### DATASET EXTRACT
══════
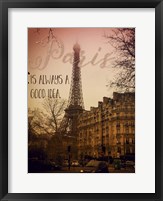 Framed Paris Is Always A Good Idea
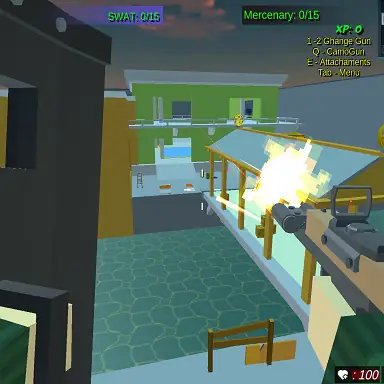 Pixel Crazy Minecraft shooter oyunu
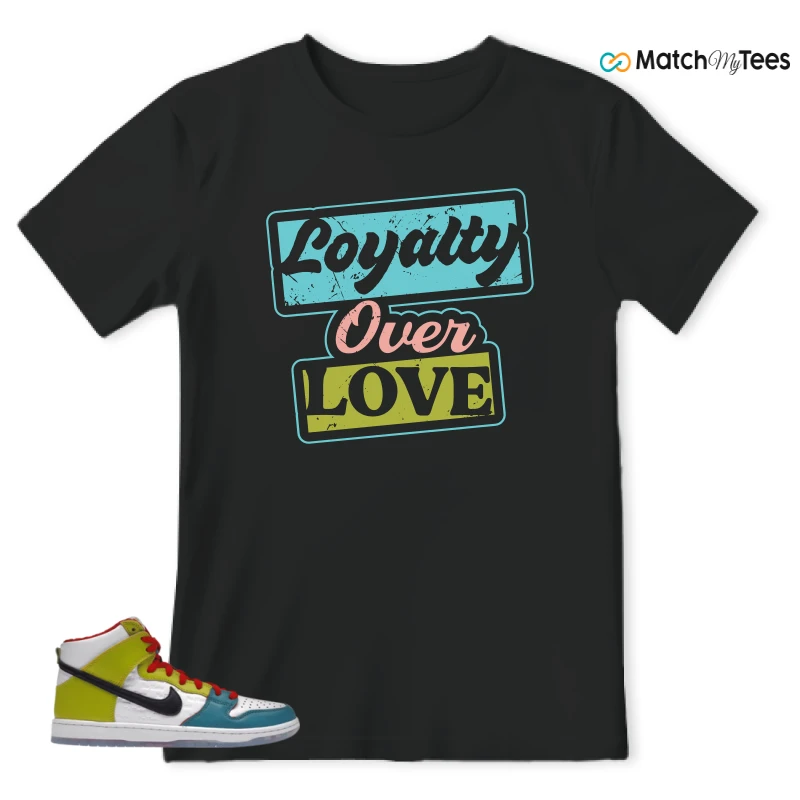 NIKE DUNK HIGH PRO FROSKATE ALL LOVE SNEAKER Matching Tees t-shirt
══════
### EXERCISE
Each line of the listing above belongs in the answer exactly as written; the pictures do not.

### TASK SOLUTION
 Framed Paris Is Always A Good Idea
 Pixel Crazy Minecraft shooter oyunu
 NIKE DUNK HIGH PRO FROSKATE ALL LOVE SNEAKER Matching Tees t-shirt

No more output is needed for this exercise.